Come on out and enjoy some great racing with friends and try your hand at the new layout.


----------



## Courtney Vaughan (Apr 11, 2007)

Wow! No more quad? 

Although I will miss it, I have to say I can't disagree with your decision for something new.


----------



## mmorrow (Jan 18, 2009)

I will see yall there. Looking forward to the new layout. 

The quad will be missed.

BTW small bills only please.


----------



## jasonwipf (Feb 23, 2009)

So, no quad....
Then you all replacing with a Quintuple? Sextuple or Septuple? nooo wait.... an Octuple!


----------



## Labrat99 (May 6, 2009)

darrenwilliams said:


> It is finally time for the final race of this Swagger Series.
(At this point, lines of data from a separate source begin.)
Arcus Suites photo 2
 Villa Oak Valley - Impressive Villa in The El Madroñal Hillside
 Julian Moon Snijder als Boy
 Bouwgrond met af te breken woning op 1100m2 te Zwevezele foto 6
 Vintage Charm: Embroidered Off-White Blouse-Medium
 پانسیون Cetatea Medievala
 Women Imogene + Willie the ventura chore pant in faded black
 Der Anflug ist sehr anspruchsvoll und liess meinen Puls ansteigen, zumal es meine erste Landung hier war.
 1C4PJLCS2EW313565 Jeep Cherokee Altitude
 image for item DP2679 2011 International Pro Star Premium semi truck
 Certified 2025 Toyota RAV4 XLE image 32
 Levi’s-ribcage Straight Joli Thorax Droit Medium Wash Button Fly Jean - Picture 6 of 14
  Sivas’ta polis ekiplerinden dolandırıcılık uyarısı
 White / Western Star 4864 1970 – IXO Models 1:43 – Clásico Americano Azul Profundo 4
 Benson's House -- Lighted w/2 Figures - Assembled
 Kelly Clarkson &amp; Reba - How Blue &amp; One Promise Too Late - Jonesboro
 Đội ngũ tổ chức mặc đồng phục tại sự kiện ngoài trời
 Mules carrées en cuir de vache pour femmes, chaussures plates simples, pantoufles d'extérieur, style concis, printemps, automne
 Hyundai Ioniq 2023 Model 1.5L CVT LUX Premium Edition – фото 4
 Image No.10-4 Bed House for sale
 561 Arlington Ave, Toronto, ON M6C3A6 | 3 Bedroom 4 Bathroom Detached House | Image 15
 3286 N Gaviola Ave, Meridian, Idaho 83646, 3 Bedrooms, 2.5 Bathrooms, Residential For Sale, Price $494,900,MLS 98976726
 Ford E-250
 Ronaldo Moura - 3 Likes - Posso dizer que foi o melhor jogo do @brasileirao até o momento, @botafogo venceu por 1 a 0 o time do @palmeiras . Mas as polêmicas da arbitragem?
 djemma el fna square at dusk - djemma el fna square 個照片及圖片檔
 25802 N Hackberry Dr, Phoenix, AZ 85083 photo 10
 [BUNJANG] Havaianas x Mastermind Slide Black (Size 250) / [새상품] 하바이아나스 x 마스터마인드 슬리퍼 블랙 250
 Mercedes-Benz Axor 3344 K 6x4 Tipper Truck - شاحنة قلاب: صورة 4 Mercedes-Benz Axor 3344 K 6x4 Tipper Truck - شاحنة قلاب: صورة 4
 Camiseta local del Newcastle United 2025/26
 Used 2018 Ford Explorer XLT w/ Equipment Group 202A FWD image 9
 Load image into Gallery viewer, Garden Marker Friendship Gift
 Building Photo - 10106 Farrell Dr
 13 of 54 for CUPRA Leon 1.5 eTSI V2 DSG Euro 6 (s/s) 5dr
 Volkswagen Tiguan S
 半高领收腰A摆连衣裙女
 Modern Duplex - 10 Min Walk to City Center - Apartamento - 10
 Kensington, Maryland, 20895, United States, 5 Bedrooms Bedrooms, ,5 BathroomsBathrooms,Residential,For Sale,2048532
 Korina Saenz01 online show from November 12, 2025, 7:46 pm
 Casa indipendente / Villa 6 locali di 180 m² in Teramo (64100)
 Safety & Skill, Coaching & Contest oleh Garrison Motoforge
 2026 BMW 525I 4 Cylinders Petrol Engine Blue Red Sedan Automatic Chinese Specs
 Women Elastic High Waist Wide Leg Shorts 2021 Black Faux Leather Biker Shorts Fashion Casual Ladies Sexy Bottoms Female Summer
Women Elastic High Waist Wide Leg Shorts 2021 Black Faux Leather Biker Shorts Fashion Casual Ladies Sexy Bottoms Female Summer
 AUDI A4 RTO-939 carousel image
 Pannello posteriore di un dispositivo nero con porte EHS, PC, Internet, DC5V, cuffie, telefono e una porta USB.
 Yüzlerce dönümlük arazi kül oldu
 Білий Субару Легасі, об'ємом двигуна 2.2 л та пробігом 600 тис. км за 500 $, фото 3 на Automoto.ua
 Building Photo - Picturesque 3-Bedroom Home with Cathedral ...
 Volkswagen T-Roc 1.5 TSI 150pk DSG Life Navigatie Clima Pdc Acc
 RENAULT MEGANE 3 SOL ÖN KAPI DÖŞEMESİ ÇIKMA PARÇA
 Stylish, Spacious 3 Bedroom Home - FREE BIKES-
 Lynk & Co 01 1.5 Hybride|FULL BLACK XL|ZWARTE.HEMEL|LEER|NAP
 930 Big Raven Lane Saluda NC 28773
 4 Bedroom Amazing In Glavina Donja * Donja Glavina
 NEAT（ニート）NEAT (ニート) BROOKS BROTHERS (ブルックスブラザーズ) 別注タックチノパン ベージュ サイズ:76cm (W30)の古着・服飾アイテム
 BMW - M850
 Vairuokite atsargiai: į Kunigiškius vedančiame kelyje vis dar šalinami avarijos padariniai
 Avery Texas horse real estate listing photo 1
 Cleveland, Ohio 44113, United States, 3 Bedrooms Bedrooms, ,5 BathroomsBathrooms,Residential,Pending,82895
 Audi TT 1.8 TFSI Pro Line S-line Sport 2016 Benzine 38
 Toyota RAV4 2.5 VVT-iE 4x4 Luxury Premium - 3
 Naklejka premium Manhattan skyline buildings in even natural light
Over $1000 in the pot for payouts and still growing!!!!!!!!!!!!!!!!
> 
> Track closes at 12:30. Signup ends at 12:45. Races start at 1:00.
> $25 first class, $10 each additional class
> ...


Wow. I didn't see that one coming. The bowl turn & quad were pretty much the signature features of the River. Oh well, nothing lasts forever. Any pics of the new layout?


----------



## hotrodchevy_77 (May 9, 2009)

It's not gone forever.....just for now. No pics, just have to show up to see this one lol


----------



## Z-Man. (Mar 20, 2011)

is there going to be any practice on Friday night or Thursday or any thing?


----------



## hankracer (Jun 14, 2010)

*Not toltaly gone YET*

I had to see for myself yesterday...was the quad realy gone at the river track?

NO, but yes, the bowl and launch are still there as of Monday evening. it look like you're going to have to take it slow into the laonch pad and then turn right after comimg over the top. the rest of the track is beening toltaly redone and look like its going to be challenging:spineyes: but fun.

I'm still fairly new and not that good of a driver but I still like fast straight aways and big jumps! its the rookie in me :dance:


----------



## Labrat99 (May 6, 2009)

I'm really looking forward to this weekend. It's gonna be a tough week so I'll be ready for a break by Saturday. It'll be fun "dueling" with Derick, Darren, & Jerry. Just remember to respect your elders boys, otherwise it could get ugly. :slimer:


----------



## Verti goat (Jun 16, 2009)

Can't wait for some ebuggy this weekend at the River. I'm also anxious to see the faces of the guys getting payouts, since i'll be on the giving, not receiving side of that transaction. That was a major purse and I expect it to get bigger for ....Swagger 3.0! More info to follow soon after this series.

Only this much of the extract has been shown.